-- Your goal --
After locating the line with "A Colorful Studio" below, output it and each following line exactly, stopping after the line with "Model wearing Jovani". No pictures.

***** Data excerpts *****

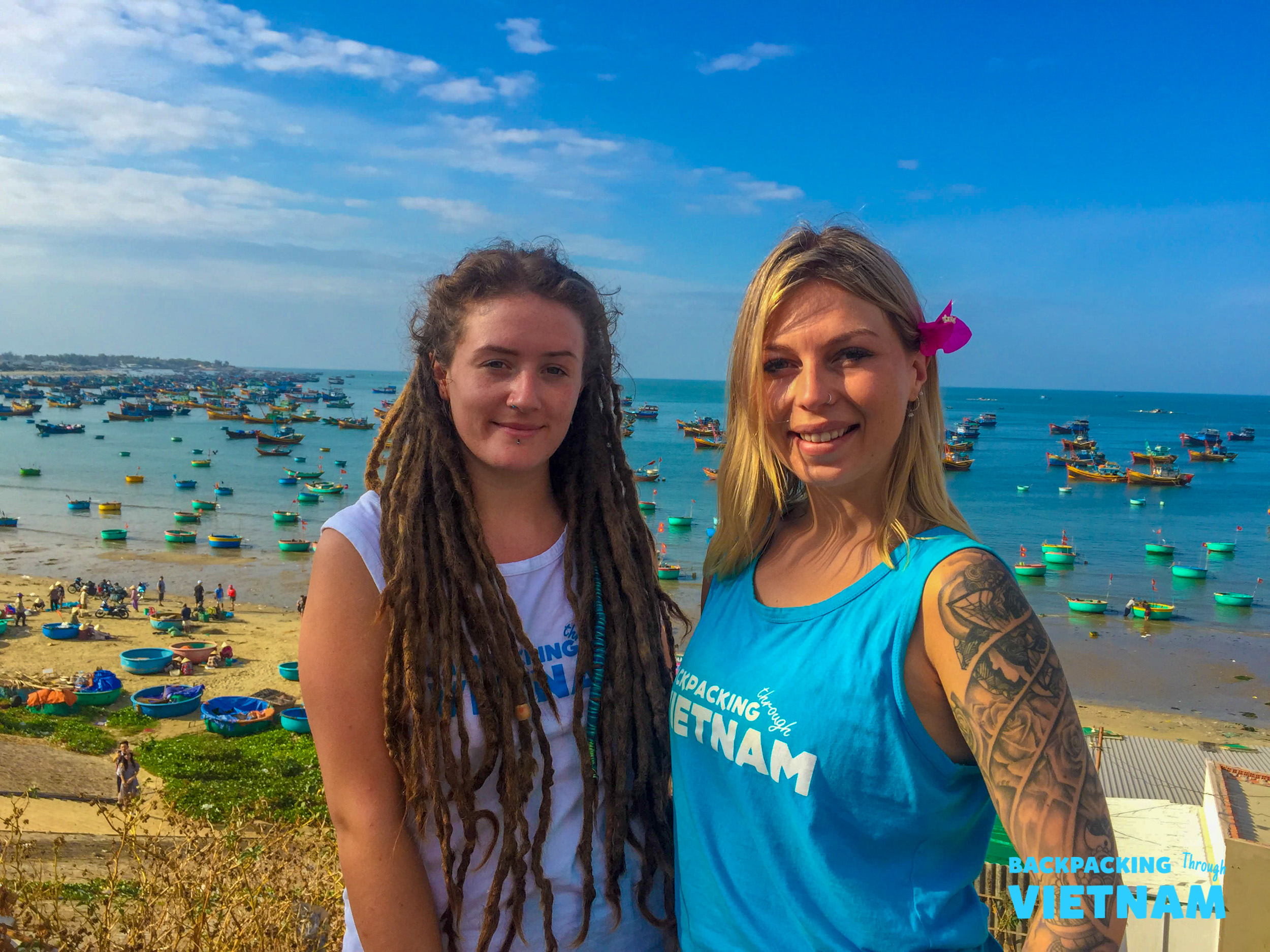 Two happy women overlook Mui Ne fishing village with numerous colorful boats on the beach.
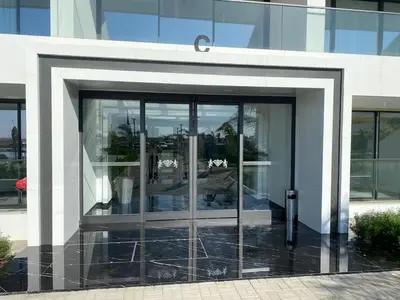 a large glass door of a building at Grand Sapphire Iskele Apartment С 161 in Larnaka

*****
***** Data excerpts *****

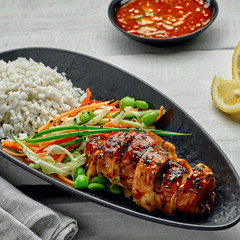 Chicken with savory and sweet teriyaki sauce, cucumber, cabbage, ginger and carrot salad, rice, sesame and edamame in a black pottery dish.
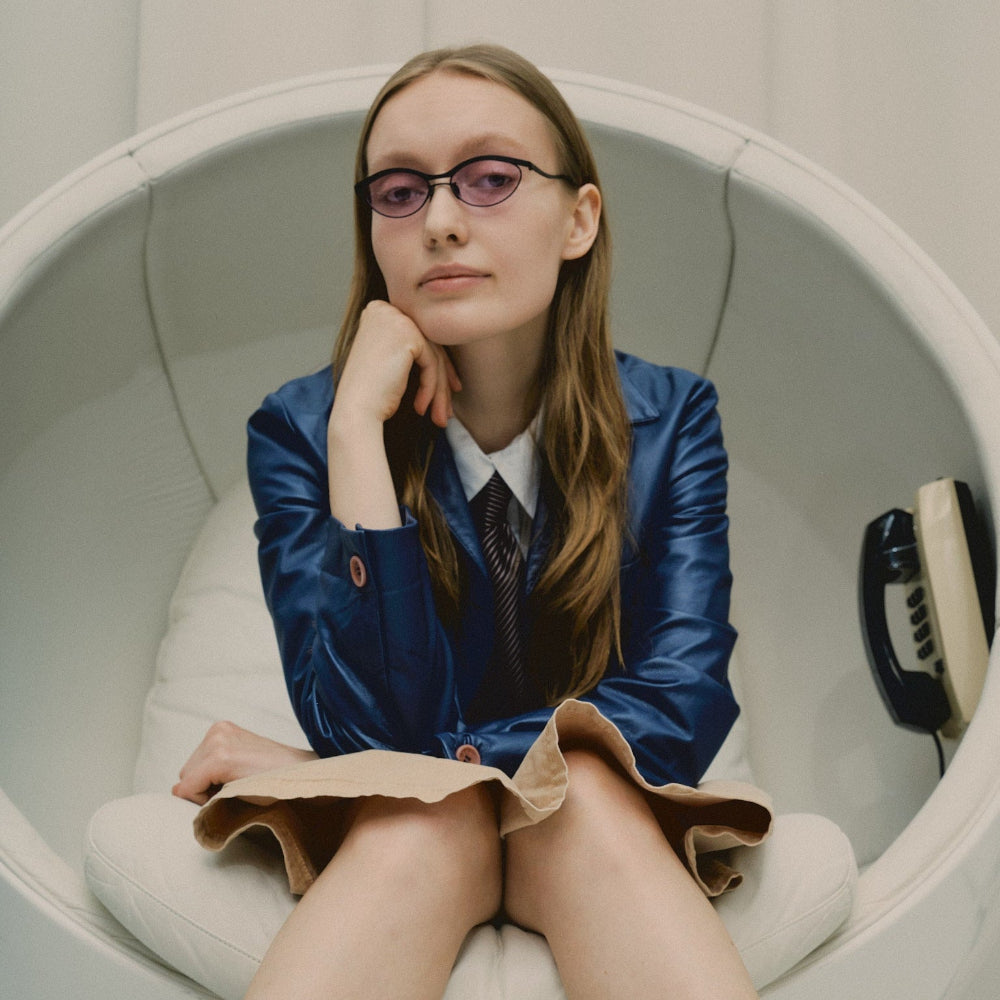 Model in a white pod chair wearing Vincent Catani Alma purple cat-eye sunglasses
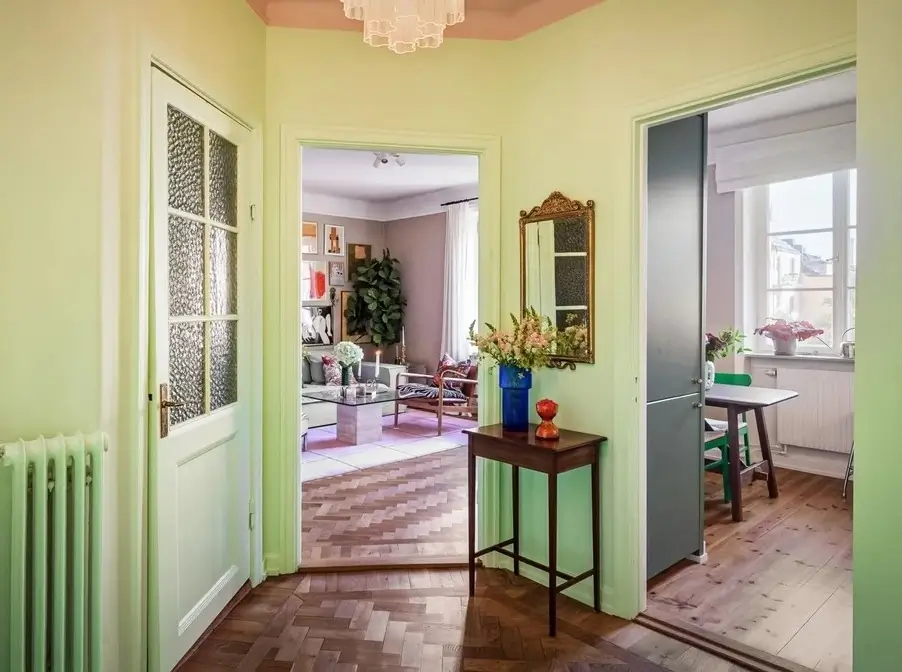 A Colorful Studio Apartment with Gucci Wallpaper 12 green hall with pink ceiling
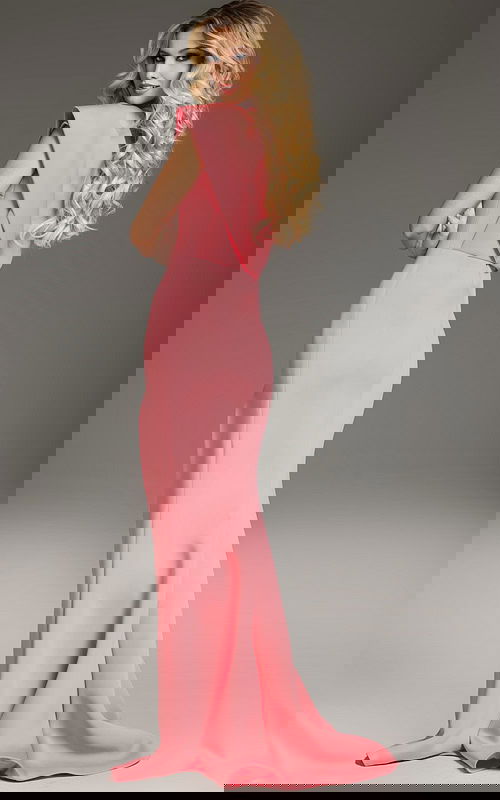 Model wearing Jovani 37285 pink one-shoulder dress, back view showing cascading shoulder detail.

*****

-- Exercise result --
 A Colorful Studio Apartment with Gucci Wallpaper 12 green hall with pink ceiling
 Model wearing Jovani 37285 pink one-shoulder dress, back view showing cascading shoulder detail.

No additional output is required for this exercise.